Sunday, February 12, 2012

Pin Head


It won’t come as much of a surprise to regular readers of this column that there’s been a bit of a drama recently in the little flat I share with Saffy and Amanda. In restaurants and on the street, complete strangers come up to me and ask me how it’s possible that three people can generate so much angst and trouble in such a confined space.
            Invariably, my first response is to run away. “Imagine having to deal with this all the time!” I said to my best friend Karl after I was accosted in the cereal aisle of Cold Storage by a pimply teenager carrying a Goyard bag. She wanted to know if Saffy and Amanda were real people.
            “So, how? Got picture of Saffy’s boobs?” she asked, pressing close.
            “Uhm,” I said, “you’re really close inside my personal space.”
            “Wah,” she replied, “real life, you also very cheem, hor?”
            “Where do kids get the money to buy Goyard!” Karl later wanted to know.
            I stared at him. “I was just verbally assaulted by Single White Female and all you can talk about is her accessories? Really? How do Madonna and Brad Pitt do this?””
            My point is: my life is full of drama. None of which has anything to do with me. And it’s wearing me down.
            The latest episode began on Saturday morning at the Standard Chartered bank’s ATM machine in Raffles Place. On her way to brunch at the Fullerton Hotel, Saffy suddenly realized that she was down to her last ten dollars which, as she later pointed out, won’t get you two cup cakes these days.
            She inserted her card, in her head humming the theme song to Hawaii Five-O, and her fingers began dropping onto the keypad to tap in her PIN. The music stopped. As it were. Saffy blinked. Then frowned.
            Meanwhile, across town, Amanda was getting her hair washed at the hairdresser when her handphone rang.
            “Hello?”
            “Oh. My. God!” Saffy announced.
            “I’m getting my hair washed and I don’t want to be electrocuted, so this had better be good.”
            “To the day I die,” Saffy said without missing a beat as she detoured into a parallel universe, “I will never understand people who pay someone else good money to wash their hair when they can just as easily do it at home in the shower.
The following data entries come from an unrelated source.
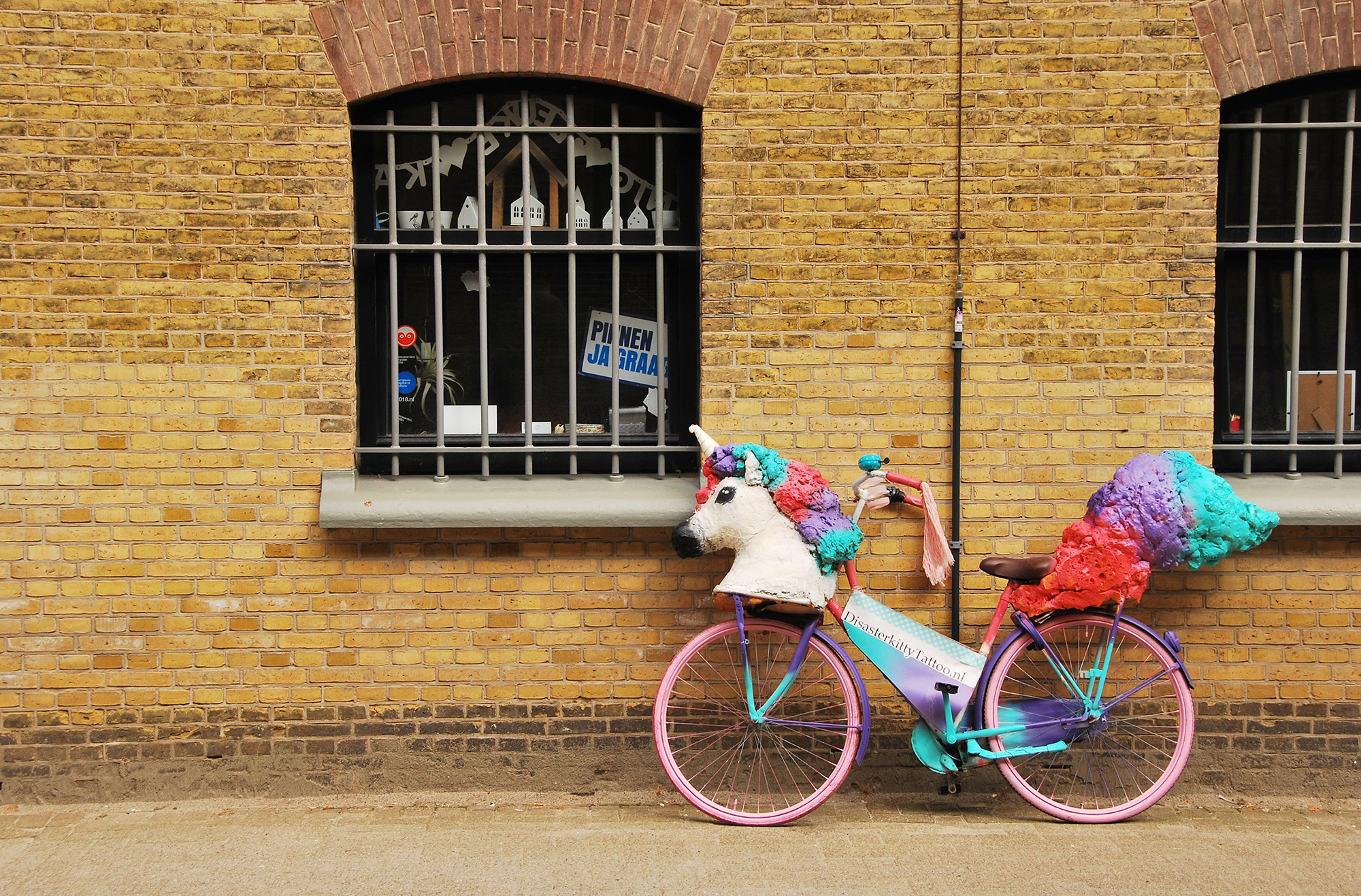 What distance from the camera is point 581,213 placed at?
4.62 meters

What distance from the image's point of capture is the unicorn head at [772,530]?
3965mm

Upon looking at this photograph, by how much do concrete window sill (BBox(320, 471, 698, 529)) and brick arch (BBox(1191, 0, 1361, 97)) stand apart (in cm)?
306

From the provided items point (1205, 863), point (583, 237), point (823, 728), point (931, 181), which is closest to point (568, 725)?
point (823, 728)

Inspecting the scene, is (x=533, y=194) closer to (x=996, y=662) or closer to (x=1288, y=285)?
(x=996, y=662)

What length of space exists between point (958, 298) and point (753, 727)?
2053mm

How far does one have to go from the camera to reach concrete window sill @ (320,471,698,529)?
4273 mm

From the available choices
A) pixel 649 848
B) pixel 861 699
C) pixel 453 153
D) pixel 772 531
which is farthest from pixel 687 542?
pixel 453 153

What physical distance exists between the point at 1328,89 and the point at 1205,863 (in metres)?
3.41

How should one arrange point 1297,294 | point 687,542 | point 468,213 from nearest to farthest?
point 687,542
point 1297,294
point 468,213

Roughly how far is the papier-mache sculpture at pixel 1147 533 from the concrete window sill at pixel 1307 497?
0.33m

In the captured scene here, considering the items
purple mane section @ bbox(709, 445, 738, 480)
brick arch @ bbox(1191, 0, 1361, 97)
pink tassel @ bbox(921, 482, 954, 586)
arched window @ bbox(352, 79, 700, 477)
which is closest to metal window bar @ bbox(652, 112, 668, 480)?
arched window @ bbox(352, 79, 700, 477)

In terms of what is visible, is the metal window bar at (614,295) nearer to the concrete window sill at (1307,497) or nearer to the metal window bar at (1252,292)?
the concrete window sill at (1307,497)

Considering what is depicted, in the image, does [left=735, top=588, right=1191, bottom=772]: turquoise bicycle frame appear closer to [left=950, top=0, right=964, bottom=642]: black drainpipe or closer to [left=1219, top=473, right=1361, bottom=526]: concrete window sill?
[left=950, top=0, right=964, bottom=642]: black drainpipe

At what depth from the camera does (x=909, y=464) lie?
14.5 ft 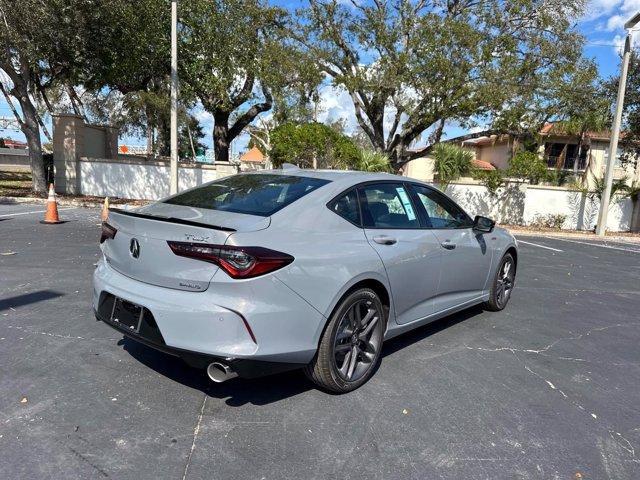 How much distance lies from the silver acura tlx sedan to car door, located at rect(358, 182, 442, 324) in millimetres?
12

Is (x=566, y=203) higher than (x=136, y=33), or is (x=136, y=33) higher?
(x=136, y=33)

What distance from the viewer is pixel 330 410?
3.37 meters

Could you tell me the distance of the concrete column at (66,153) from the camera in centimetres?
1939

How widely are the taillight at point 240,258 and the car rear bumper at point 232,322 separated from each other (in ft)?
0.21

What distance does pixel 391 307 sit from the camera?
155 inches

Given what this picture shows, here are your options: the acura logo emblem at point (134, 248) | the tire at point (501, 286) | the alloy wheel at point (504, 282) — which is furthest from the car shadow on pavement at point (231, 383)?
the alloy wheel at point (504, 282)

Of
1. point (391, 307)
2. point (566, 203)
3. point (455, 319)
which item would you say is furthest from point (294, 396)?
point (566, 203)

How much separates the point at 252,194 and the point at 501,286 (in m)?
3.51

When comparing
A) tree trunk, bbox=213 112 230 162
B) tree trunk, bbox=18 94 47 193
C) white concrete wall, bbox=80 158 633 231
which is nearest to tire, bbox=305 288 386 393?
white concrete wall, bbox=80 158 633 231

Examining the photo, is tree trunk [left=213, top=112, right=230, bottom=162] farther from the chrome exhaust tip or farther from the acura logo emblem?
the chrome exhaust tip

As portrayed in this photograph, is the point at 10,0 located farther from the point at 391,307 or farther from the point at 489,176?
the point at 489,176

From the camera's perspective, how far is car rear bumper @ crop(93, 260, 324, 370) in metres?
2.92

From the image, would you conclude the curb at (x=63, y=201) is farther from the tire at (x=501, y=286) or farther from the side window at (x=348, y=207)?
the side window at (x=348, y=207)

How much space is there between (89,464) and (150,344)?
0.74 m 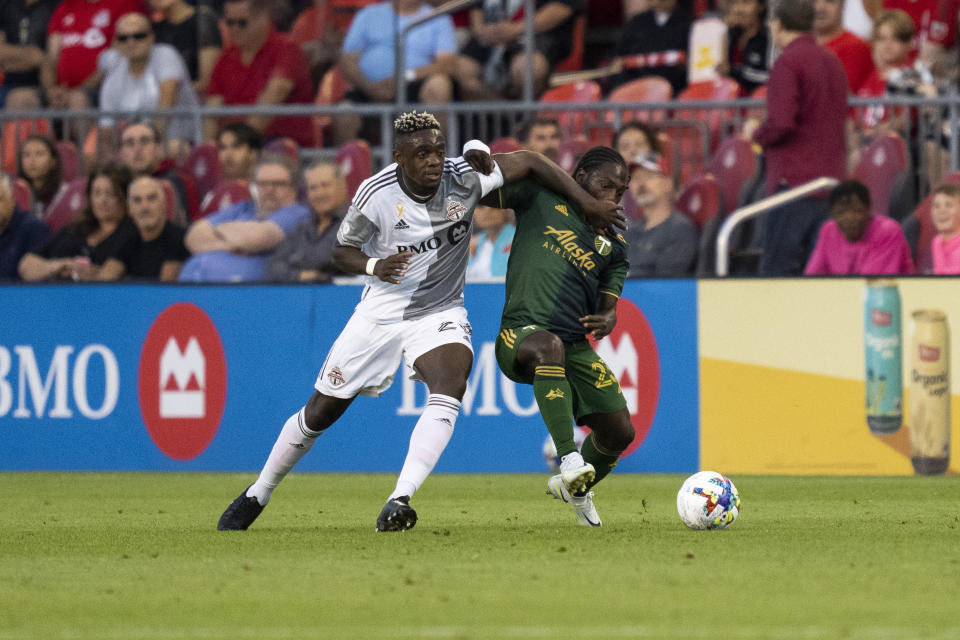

Why don’t you pay me to do it?”
            “Is this what you rang me for?”
            “Oh, my God, no, thank God you reminded me! I’m at the ATM and I’ve completely forgotten what my PIN is. Do you know what it is?”
            “Saffy, why would I know what your PIN is?
            “Because I once gave it to you for safe keeping!”
            “And I told you that I wasn’t your secretary, gave it back to you and told you to write it down somewhere safe!”
            “Oh,” Saffy said. She paused as she marshaled her thoughts. “So, did I ask Jason to keep it safe?”
            “Again, I’m not your secretary!”
            Needless to say, the drama ratcheted up several notches when after Saffy had mindlessly punched in random five digit numbers three times, the machine sucked up her card and refused to give it back to her even after she kicked it a few times and yelled “No!” at it for ten minutes.
            As she later complained, as if modern life wasn’t already complicated enough, you now basically needed to have the memory capacity of a 50G hard-drive just to remember all your access codes. “I have a PIN for three bank accounts. I have user IDs, PINs and passwords for my online banking, Yahoo, three Gmail addresses, health insurance, Apple, PayPal, eBay, Amazon, New York Times, Singapore Airlines, British Airways, Qantas, Twitter, Facebook! It’s all too much! How am I supposed to remember it all?”
            “Write it down somewhere,” Amanda repeated.
            “I did that, but I lost the sheet of paper and now I’m petrified that someone’s found it and is wiping me out! Haven’t you heard of identity theft?”
            Amanda said to me privately that the identity thief would be really scraping the bottom of the barrel to steal Saffy’s identity. “She has a total of $100 in her bank account!”
            I was impressed. “How do you know?”
            “It was one of the random security questions the Stan Chart woman asked over the phone when Saffy had to prove her identity because she couldn’t remember her NRIC number! Can you imagine not knowing your NRIC number in this country? You might as well not exist!”
            I can’t help but wonder if Madonna or Brad Pitt ever have this problem.

2 comments:

Anonymous said...

Hey Jason, I was very curious to know you look like given that I am super big fan of your articles and your books. I am surprised that you are accosted in the streets given that your picture is not available in the Net! :)

Anonymous said...

Jason, maybe you can consider posting your photos here. Cheers!